> Your task
All of the listing must be given again exactly, except that the images are dropped.

====== Data

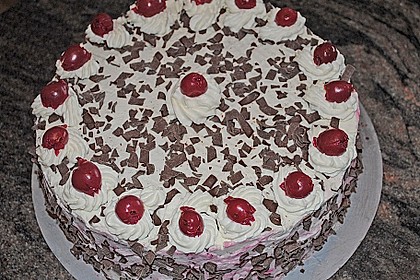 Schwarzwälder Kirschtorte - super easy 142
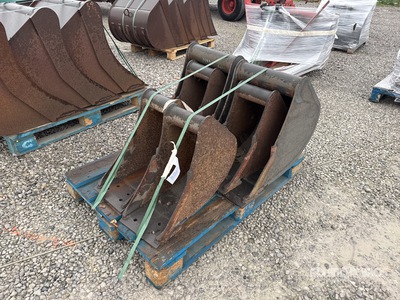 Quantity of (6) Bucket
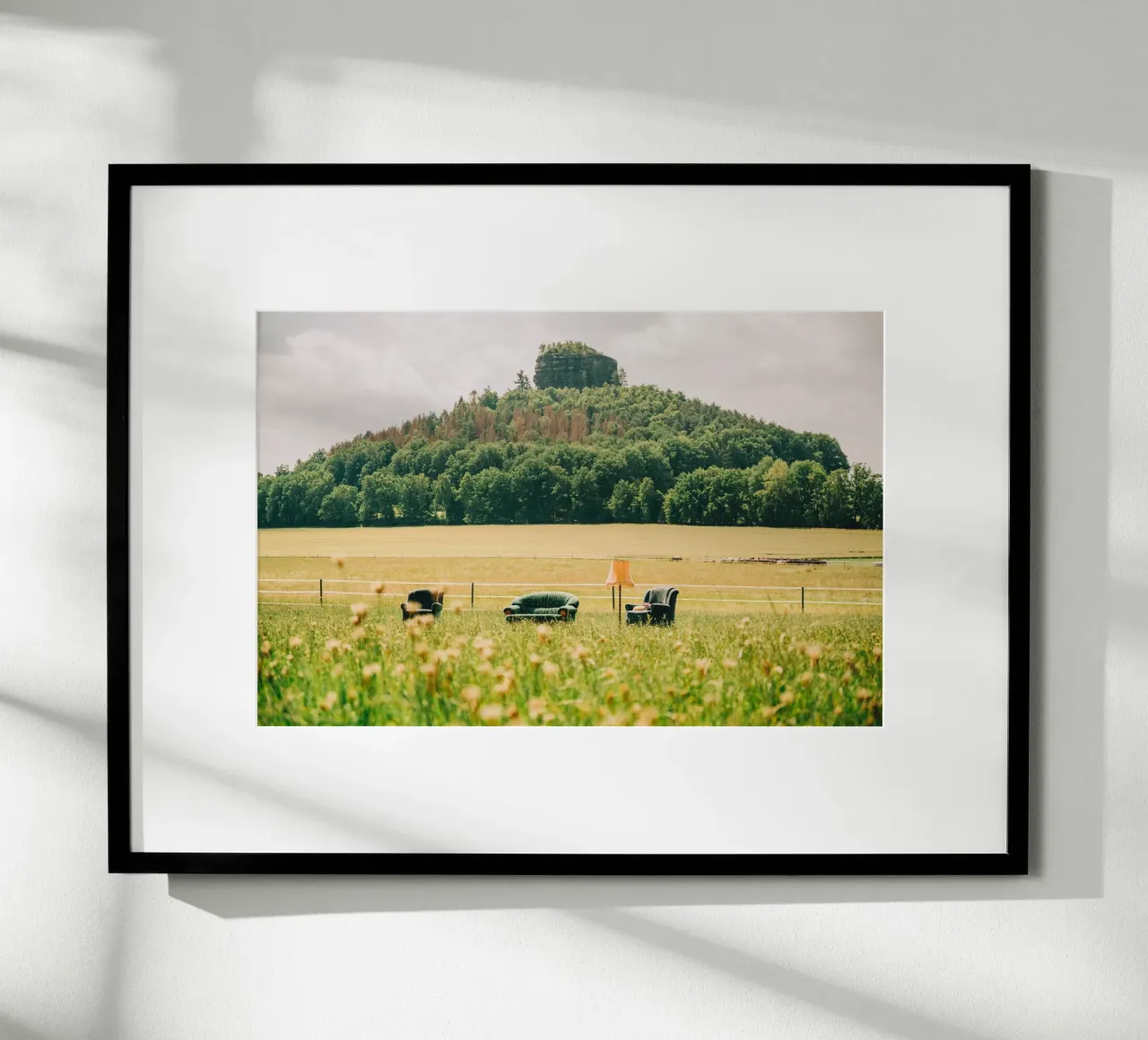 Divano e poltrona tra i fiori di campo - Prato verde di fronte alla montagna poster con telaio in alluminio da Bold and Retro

============

> Response area
 Schwarzwälder Kirschtorte - super easy 142
 Quantity of (6) Bucket
 Divano e poltrona tra i fiori di campo - Prato verde di fronte alla montagna poster con telaio in alluminio da Bold and Retro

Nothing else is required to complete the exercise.